The Passenger stars Jack Nicholson as British TV reporter David Locke who, while on location in an unnamed African country, is ambiguously motivated to switch identities with a stranger with whom he becomes casually acquainted and who dies suddenly at the hotel in which they are both lodged. So Locke officially becomes dead to the world, while Robertson lives on in a new body. What Locke doesn't realize is that Robertson was an illegal arms smuggler, and unwittingly inherits Robertson's connections and responsibilities with his new identity.

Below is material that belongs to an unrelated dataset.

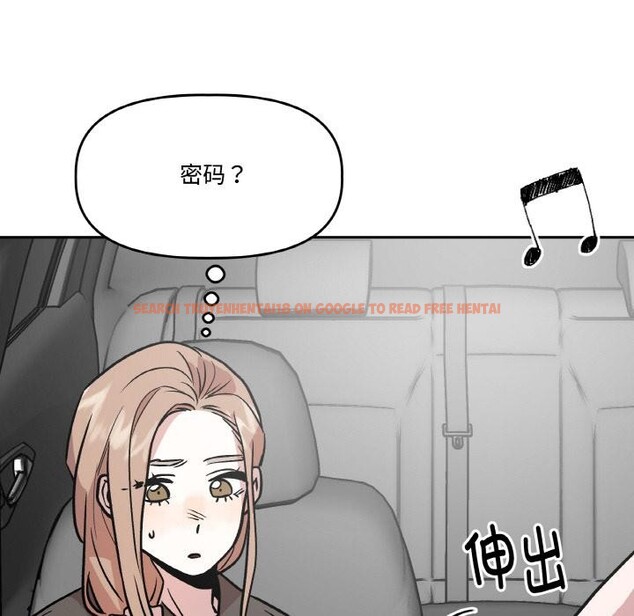 查看漫画附屬品少女的叛逆期 - 第14話 - sayhentaiz.net中的3729114图片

The story is set up to become a thriller, but Antonioni frustrates and redirects this trajectory in a number of ways. Narrative is less important here than the evocation of mood and the delineation of existential freedom and angst. During the course of his international travels (the film was shot in Algeria, Britain, West Germany, and Spain), Locke meets up with a young woman (played by Maria Schneider), who is no less mysteriously motivated to become this strange man's fellow traveller and lover. Both are running away from the certainties of their past existences into an uncharted and potentially perilous future. And running after them, locked into attitudes of certainty and social expectation, are Locke's wife (played by Jenny Runacre), who comes to realize what her husband has done, and Robertson's (now Locke's) twin nemeses, his illicit accomplices and the law.
There is a subdued quality to Nicholson's performance, and Schneider and Runacre are both strangely affectless in their respective personae. This woodenness may have been deliberate on Antonioni's part, to convey a sense of alienation, which seems to me to be Antonioni's major theme in his body of work. Inspired use is made of the many exotic locations in which the story is set, and the film's (anti-)climax is a stunningly bravura sequence of camerawork (obviously inspired by Michael Snow's 1967 experimental film Wavelength) that literally pushes Locke to the periphery of the action, becoming the dead center of the other characters' frenetic and bewildered attentions.
Antonioni was the supreme cinematic poet of urban alienation, and even in a film like The Passenger, where much of the narrative transpires in rural settings, the blighted reach of twentieth-century urban man is shown to be limitless. Though not as fine as Antonioni's earlier L'eclisse and Il deserto rosso, this film remains a resonant work of art, capable of coloring one's experiences of the world outside the film itself, which is perhaps the most salient qualification of artistic greatness I know.